The Londrina Selective Waste Management Program - "Recycling Lives" - brings answers to some of these. The Program is developed by the municipal government together with 26 NGOs, responsible for the collection, triage and commercialization of the recycled material. Besides social inclusion and income generation, the experience's main goals are a higher recycling rate and the development of a strategy allowing Program sustainability and NGO autonomy.
Although the municipality has had selective waste management since 1996, previously collection was carried out door-to-door by government trucks, attending only 10 thousand of Londrina's 150 thousand residences. Gradually broadened, in 2000 collection had reached 30 thousand residences, recovering four tons of material a day which was sent on to a triage central staffed by public employees.
"Recycling Lives" started off by removing garbage pickers from the dump and incorporating these workers in the selective waste collection. The area covered rose to 50 thousand residences. Negotiations then took place to integrate street collectors, who felt threatened by the Program, forming an initial group made up of 20 dump pickers and 30 carrinheiros - street waste collectors operating with hand-carts. These workers set up the first NGO to work at the triage center, in partnership with the City Hall.
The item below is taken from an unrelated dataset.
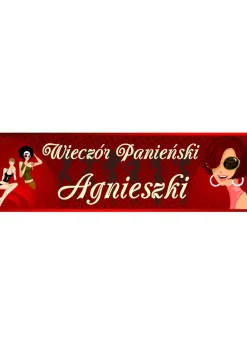 Baner z imieniem na WIECZÓR PANIEŃSKI - 38x125cm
One of the innovative characteristics of the Program is the contracting of the regular residential waste collection companies at an overall price, and not by tonnage, as is usual. Thus, it is in the company's interest to reduce the quantity of waste, supporting the recyclable waste collection.
Pressure from the now organized street collectors caused a gradual decentralization process and the creation of 26 NGOs, with 474 people, among collectors and people from the neighborhoods. This creation of NGO's was considered ideal to avoid problems with labor law charges, the Government Bid Law and political changes. The area around the city center, which corresponds to 80% of residences, was divided and shared out among the groups. This sectioning the city and the incorporation of street collectors avoids rival collections.
In each area, the NGOs promote neighborhood awareness. Collection is carried out with vehicles, hand-carts and animal traction carts. The recyclable material collected is stored at points called bandeiras - "flags - where it is removed by government trucks which transport the material to the triage sheds. From the sheds, the material is sent to the Weighing and Pressing Central, where sales are coordinated, seeking to bring up sales prices and cut out middlemen, guaranteeing a better income for the associates. The Central is administrated by representatives of all the NGOs. The income obtained with sale of materials, after payment of general expenses, is shared among the NGO members. Around 80% of these workers are women. Some 90 tons of waste material are collected each month, corresponding to 23% of the total amount of waste which would have been sent to the municipal dump, which has gained a longer life due to the reduction in solid waste disposal.